Mel Dowdell February 15, 2022

Don’t take excessively long-term loans. The interest costs of a 40-year mortgage or a 7-year automobile loan will far outweigh the benefits and the value of the asset will reduce to zilch.

Don’t invests in something you cannot figure out. Get an accountant to explain the fine print of the investment. If it doesn’t make sense, trust your gut instinct and stay away. Ponzi schemes, pyramid rackets and fraudulent fund managers will plunder your savings before you can even say Madoff!

Don’t pay an accountant more than he is worth. Is the value of the advice proportional to his high costs? Check on his credentials before shelling out hefty fees. Can’t someone else do an equally competent job?

Don’t invest all your money in your company shares. That’s like putting your eggs in one basket. If the market hiccups and your business fail, your savings go down the drain. Keep that investment below 10 percent of your portfolio.

Never apply for more than one credit card. The craving for impulsive buying will worsen and burn a huge hole in your finances. Ensure that you repay that one card well before the last date to avoid unnecessary fines.

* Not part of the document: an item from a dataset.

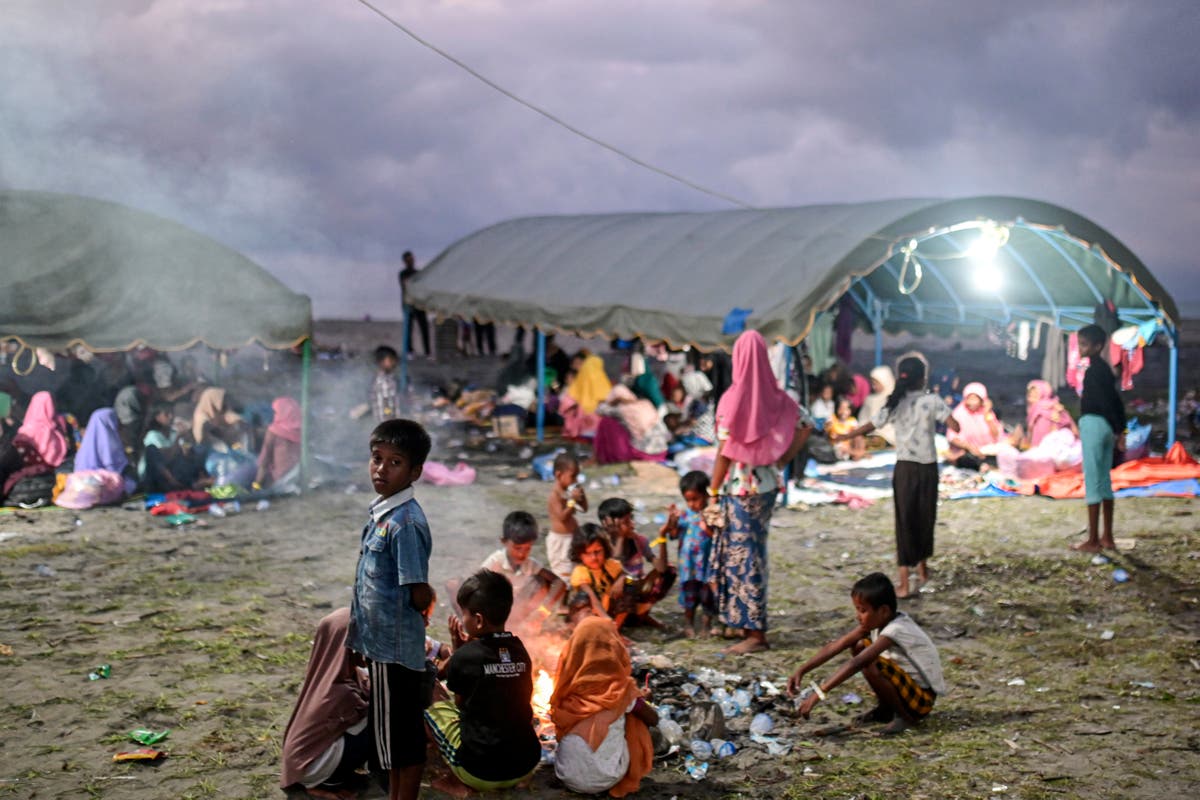 „Молете се за нас“: Очевидци разкриват първите улики за изчезнала лодка с до 200 бежанци рохинги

Don’t liquidate your pension fund to finance your children’s education. They can avail of loans. You won’t be so lucky when you are past your retirement age. Keeping your 401K well-funded allows for long-term growth. That’s a thing you must be careful about.

Don’t buy into investments that promise the sun. Give preference to funds that have performed well last year and give reasonable returns comparable to similar packages.